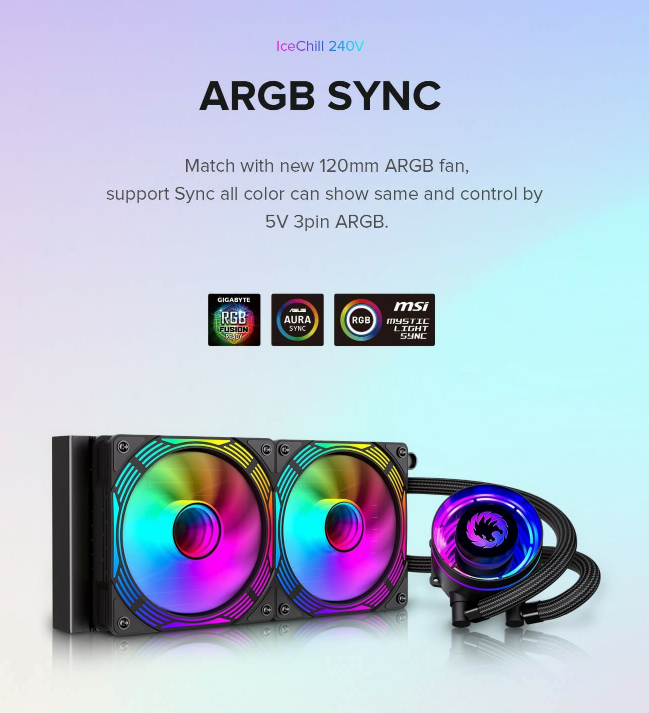 GameMax CPU Liquid Cooler lceChill 240V Black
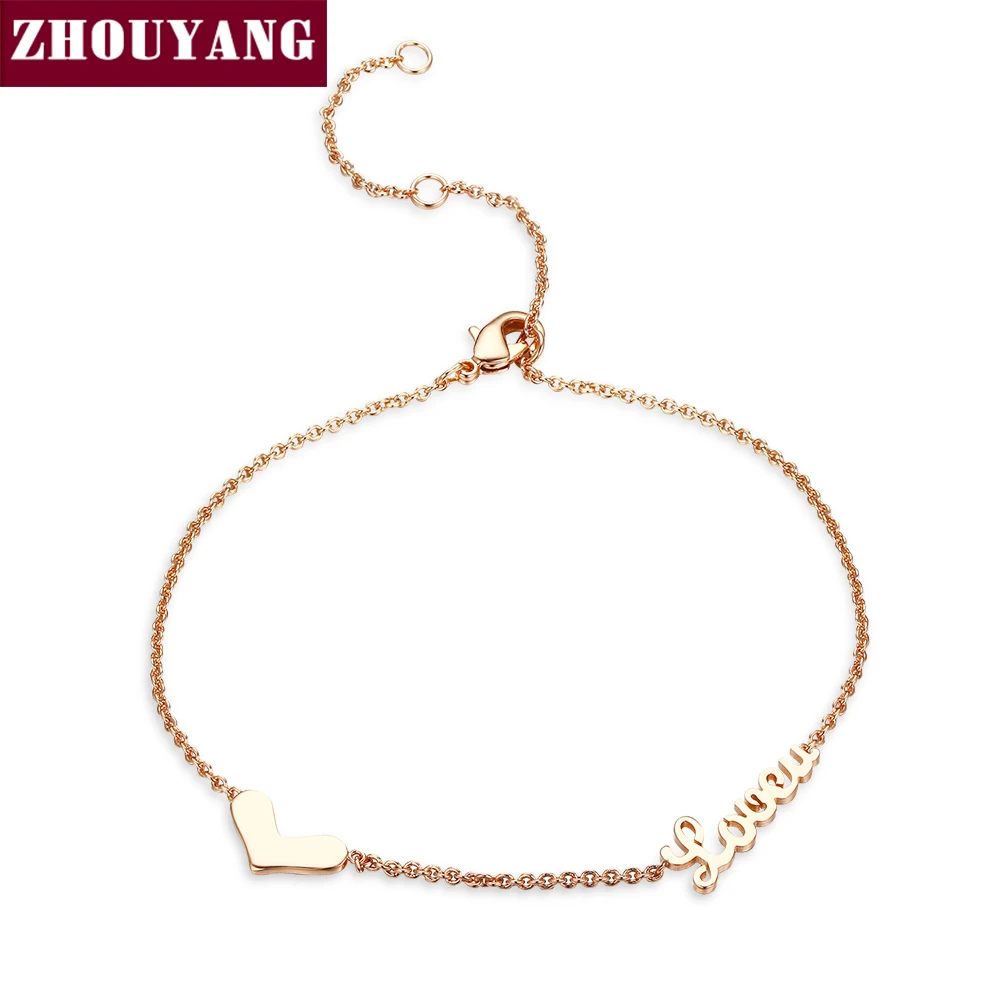 ZHOUYANG Высокое качество леди стиль сердце любовь розовое золото цвет модный браслет ZYH223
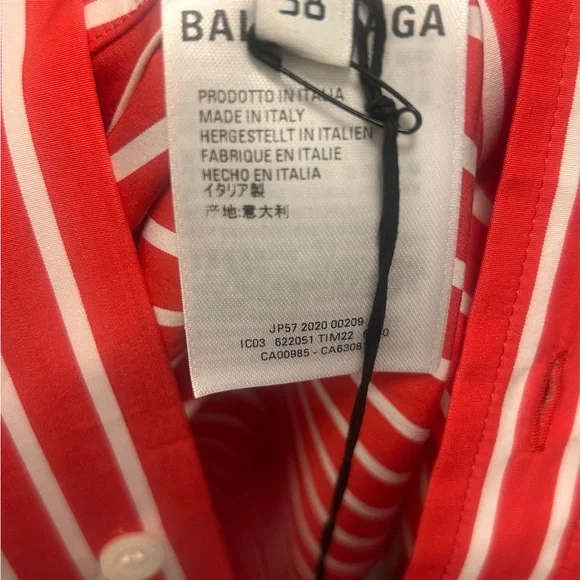 Balenciaga Red White Stripe Oversized Shirt Size 38 Unisex NWT Made in Italy - Picture 4 of 4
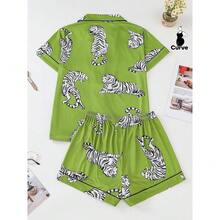 Local Shipping  Plus Size Women's Tiger Print Sleepwear Set, Comfortable Collared Button- Short Sleeve Shirt And Casual Loose Shorts, Four Seasons Wear Two-Piece Pajama Set - màu xanh lá - Xem 2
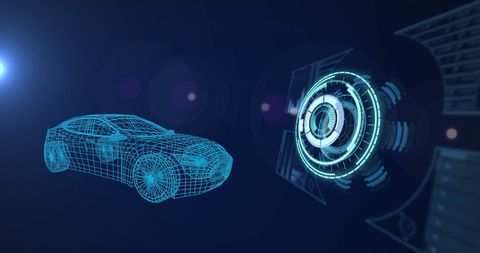 Futuristic 3D Car Design with Digital Technology Interface - Download Free Stock Images Pikwizard.com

::::

Exercise description
A word-for-word transcription of the listing is needed, minus its images.

Problem solution
 GameMax CPU Liquid Cooler lceChill 240V Black
 ZHOUYANG Высокое качество леди стиль сердце любовь розовое золото цвет модный браслет ZYH223
 Balenciaga Red White Stripe Oversized Shirt Size 38 Unisex NWT Made in Italy - Picture 4 of 4
 Local Shipping  Plus Size Women's Tiger Print Sleepwear Set, Comfortable Collared Button- Short Sleeve Shirt And Casual Loose Shorts, Four Seasons Wear Two-Piece Pajama Set - màu xanh lá - Xem 2
 Futuristic 3D Car Design with Digital Technology Interface - Download Free Stock Images Pikwizard.com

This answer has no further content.